▶ _Recorded information_

##############################

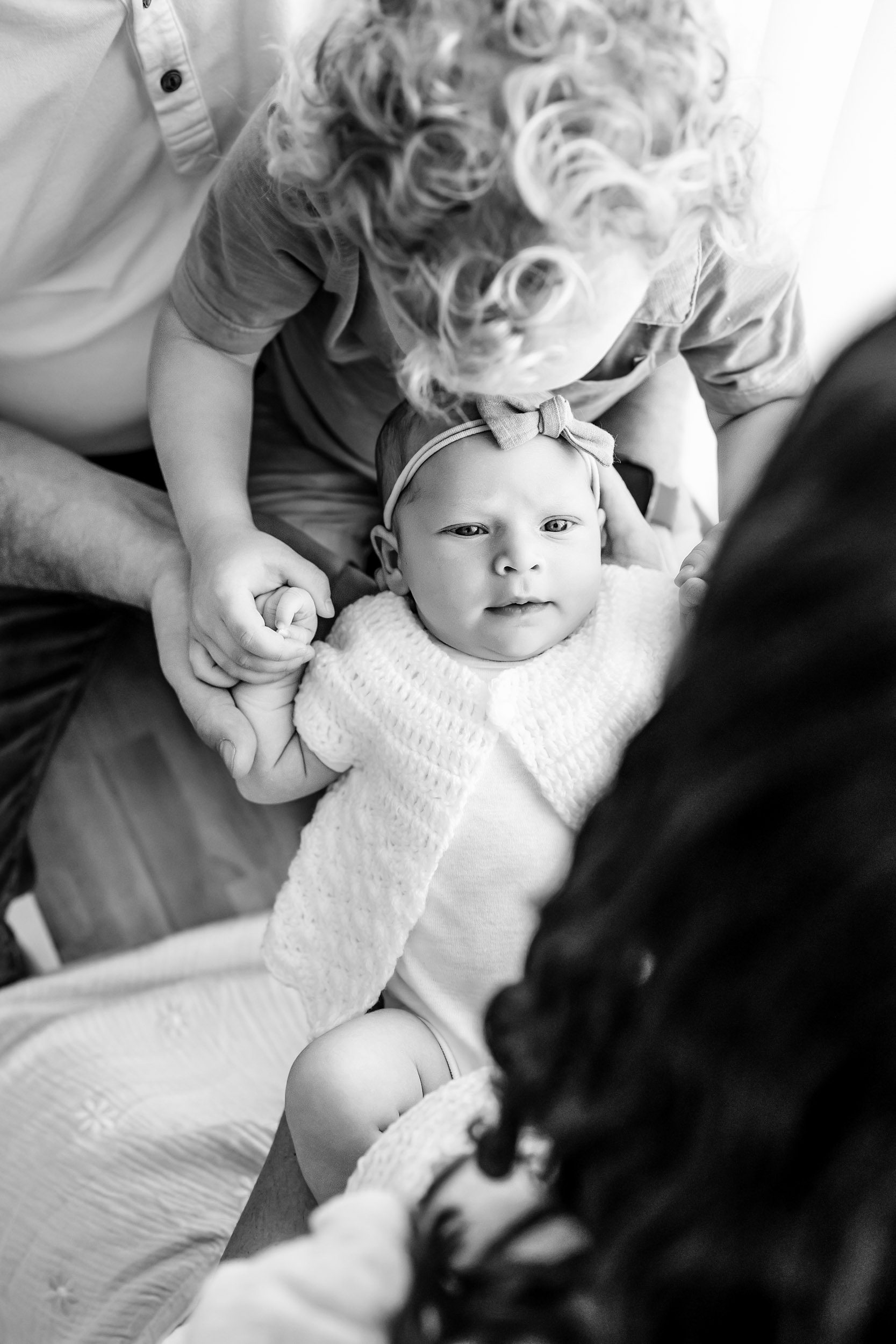 a black and white picture taken from above of a baby girl in her mom's arms as big brother gives her a kiss on the head during a newborn family photoshoot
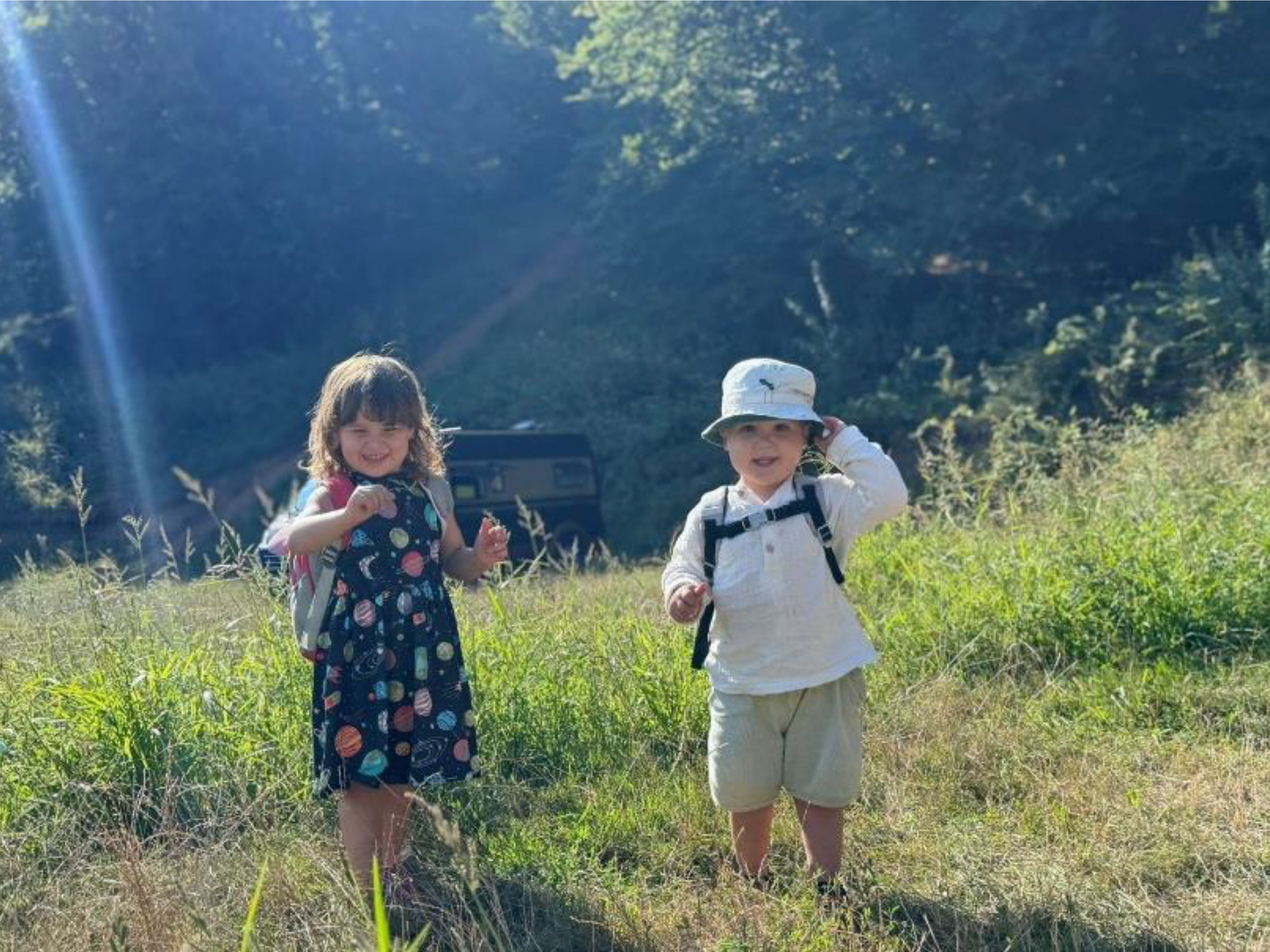 A boy and a girl are standing in a grassy field.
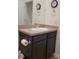 Bathroom sink with dark cabinets, a large mirror and wood-look flooring at 22345 E Bailey Pl, Aurora, CO 80016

##############################

▶ _Assigned task_
The whole listing should be reproduced exactly. Images don't go in.

▶ _Output_
 a black and white picture taken from above of a baby girl in her mom's arms as big brother gives her a kiss on the head during a newborn family photoshoot
 A boy and a girl are standing in a grassy field.
 Bathroom sink with dark cabinets, a large mirror and wood-look flooring at 22345 E Bailey Pl, Aurora, CO 80016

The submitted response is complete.